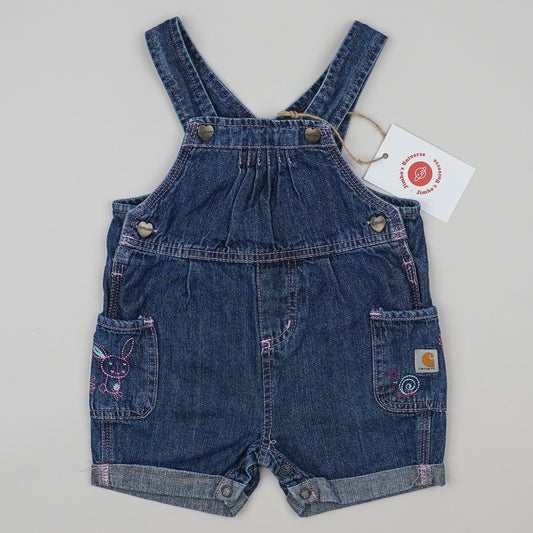 Carhartt Shortalls with Embroidery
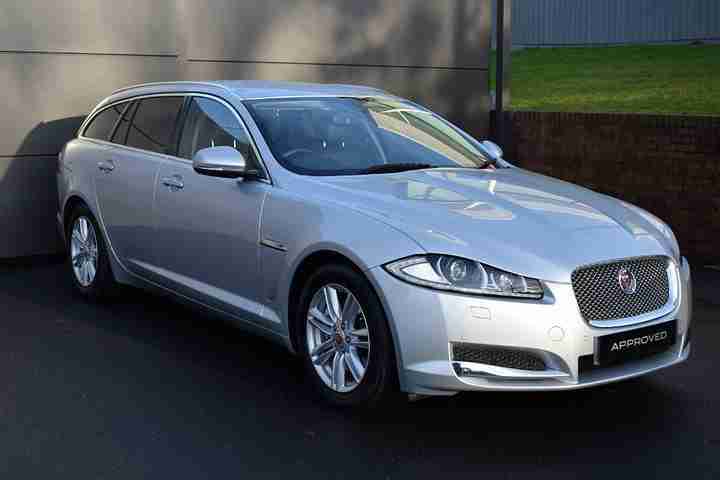 Jaguar XF 2015 Diesel Sportbrake 2.2d (163) Luxury 5dr Auto Estate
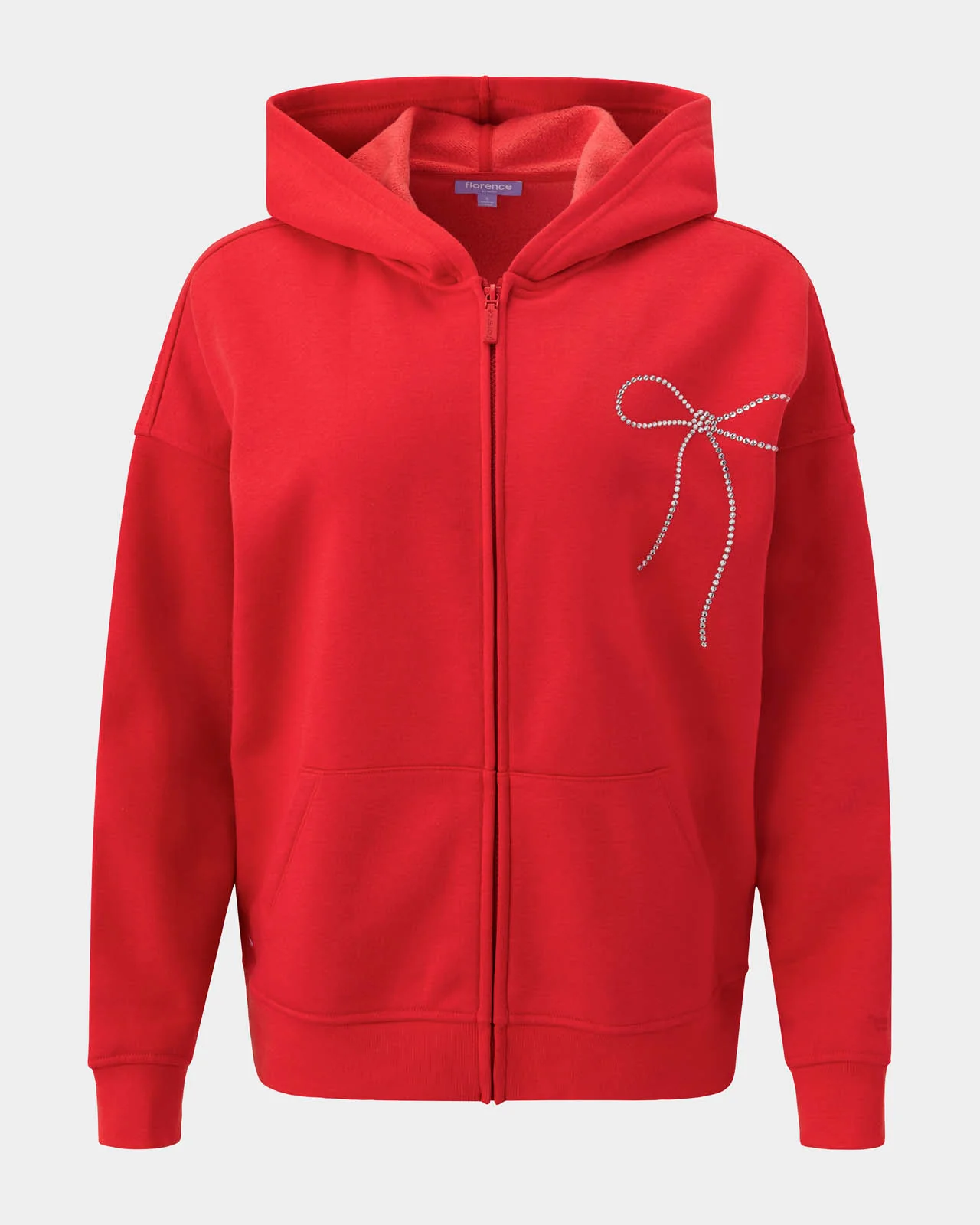 Cozy Crush Bedazzled Oversized Zip Hoodie - Image 18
────────────────────
- [Problem details] The finished copy should match the data above word for word and contain no pictures.

- [Written solution]
 Carhartt Shortalls with Embroidery
 Jaguar XF 2015 Diesel Sportbrake 2.2d (163) Luxury 5dr Auto Estate
 Cozy Crush Bedazzled Oversized Zip Hoodie - Image 18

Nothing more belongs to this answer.